Bruce Parker

WWJKD?

Filed By Bruce Parker | January 14, 2008 6:14 PM | comments

Filed in: Living, Living
Tags: hunger strike, Jonathan Kozol, no child left behind act

While being adamantly not religious, because of my Southern upbringing during time of stress apparently I still pray. Sybil, my Ph.D. pursuing partner and colleague, never hesitates to remind me of the fact that when I am stressed, relieved, or in general experiencing any sort of overwhelming emotion that I call out to Jesus. Now we are not talking about the getting down on my knees type of praying. It is more like, looking up toward heaven and proclaiming, "Sweet Jesus get me through this!"
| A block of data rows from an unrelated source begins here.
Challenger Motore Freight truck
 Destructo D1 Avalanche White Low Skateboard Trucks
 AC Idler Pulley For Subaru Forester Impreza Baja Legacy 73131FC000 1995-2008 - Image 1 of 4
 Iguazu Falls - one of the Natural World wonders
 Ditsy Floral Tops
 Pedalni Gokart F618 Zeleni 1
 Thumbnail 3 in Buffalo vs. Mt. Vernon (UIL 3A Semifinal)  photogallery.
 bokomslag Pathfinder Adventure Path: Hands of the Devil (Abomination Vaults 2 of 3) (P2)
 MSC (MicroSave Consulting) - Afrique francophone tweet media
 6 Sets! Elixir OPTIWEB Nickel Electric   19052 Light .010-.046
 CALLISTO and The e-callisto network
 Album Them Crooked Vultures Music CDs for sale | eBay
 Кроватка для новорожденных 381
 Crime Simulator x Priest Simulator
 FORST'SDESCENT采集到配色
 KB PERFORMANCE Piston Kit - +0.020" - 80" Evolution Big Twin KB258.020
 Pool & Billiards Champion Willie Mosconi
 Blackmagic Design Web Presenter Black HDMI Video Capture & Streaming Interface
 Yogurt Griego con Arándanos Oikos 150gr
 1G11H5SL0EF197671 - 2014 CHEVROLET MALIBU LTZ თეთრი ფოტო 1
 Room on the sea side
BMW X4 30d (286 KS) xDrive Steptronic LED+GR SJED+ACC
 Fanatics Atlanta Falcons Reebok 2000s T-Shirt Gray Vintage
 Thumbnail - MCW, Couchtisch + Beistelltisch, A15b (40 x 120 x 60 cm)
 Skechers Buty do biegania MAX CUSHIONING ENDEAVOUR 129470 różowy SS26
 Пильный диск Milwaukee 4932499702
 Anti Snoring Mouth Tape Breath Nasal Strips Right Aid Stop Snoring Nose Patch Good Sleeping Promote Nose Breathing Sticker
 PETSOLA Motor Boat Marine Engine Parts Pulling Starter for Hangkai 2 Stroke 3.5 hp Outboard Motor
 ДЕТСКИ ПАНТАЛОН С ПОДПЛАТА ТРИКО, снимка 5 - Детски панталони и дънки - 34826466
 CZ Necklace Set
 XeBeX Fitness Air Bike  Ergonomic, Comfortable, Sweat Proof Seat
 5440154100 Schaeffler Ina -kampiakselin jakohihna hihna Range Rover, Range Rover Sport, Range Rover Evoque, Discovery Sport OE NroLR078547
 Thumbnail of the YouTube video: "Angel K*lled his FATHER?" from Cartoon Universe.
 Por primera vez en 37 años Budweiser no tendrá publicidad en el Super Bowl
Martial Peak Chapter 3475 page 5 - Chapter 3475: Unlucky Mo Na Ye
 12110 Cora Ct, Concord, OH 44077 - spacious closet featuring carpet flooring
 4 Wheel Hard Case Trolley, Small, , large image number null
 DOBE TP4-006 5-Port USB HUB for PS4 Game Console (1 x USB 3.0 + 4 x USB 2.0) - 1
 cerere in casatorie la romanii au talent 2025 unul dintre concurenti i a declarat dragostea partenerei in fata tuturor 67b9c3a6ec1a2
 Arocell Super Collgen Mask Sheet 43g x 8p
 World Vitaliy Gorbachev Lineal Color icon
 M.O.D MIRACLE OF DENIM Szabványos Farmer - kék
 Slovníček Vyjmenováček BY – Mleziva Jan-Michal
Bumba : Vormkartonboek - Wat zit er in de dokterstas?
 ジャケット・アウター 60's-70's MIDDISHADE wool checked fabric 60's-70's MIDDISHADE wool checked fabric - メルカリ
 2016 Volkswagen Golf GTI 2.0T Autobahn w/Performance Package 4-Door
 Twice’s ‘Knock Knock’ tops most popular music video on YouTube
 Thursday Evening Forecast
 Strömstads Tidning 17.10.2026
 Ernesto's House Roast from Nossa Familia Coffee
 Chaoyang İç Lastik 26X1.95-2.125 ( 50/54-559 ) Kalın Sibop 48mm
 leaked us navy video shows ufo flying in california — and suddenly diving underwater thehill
Deciding to not give up the feeling of calling out to something bigger than me in times of emotional stress as well as the desire to not call out to a figure that I am overall just unsure about led me to decide that my obsession with Jonathan Kozol and his partial fast could very well be giving me my higher power. I have been gradually replacing my calls to Jesus with calls to Kozol. The people who are around me have caught on and many of them are making the references as well. I am not sure if they are true believers but at least they are trying.

So I pray to Jonathan Kozol these days and here is why....

The recent anniversary of the passing of the catastrophic No Child Left Behind Act only highlights how important it is that educators take action to protect school children and the future of our Country. Students and teachers are being strangled by standardization. While there has been some pretty amazing resistance to the bill from individuals, teachers, educational scholars, schools, school systems, and colleges of education the recent decision of Jonathan Kozol to embark on a partial fast until something is done about the Act offers an amazing example of putting political beliefs to the test by refusing to compromise or back down.

About his resistance to no child left behind he says,

The justification for this law was the presumptuous and ignorant determination by the White House that our urban schools are, for the most part, staffed by mediocre drones who will suddenly become terrific teachers if we place a sword of terror just above their heads and threaten them with penalties if they do not pump their students' scores by using proto-military methods of instruction -- scripted texts and hand-held timers -- that will rescue them from doing any thinking of their own. There are some mediocre teachers in our schools (there are mediocre lawyers, mediocre senators, and mediocre presidents as well), but hopelessly dull and unimaginative teachers do not suddenly turn into classroom wizards under a regimen that transforms their classrooms into test-prep factories.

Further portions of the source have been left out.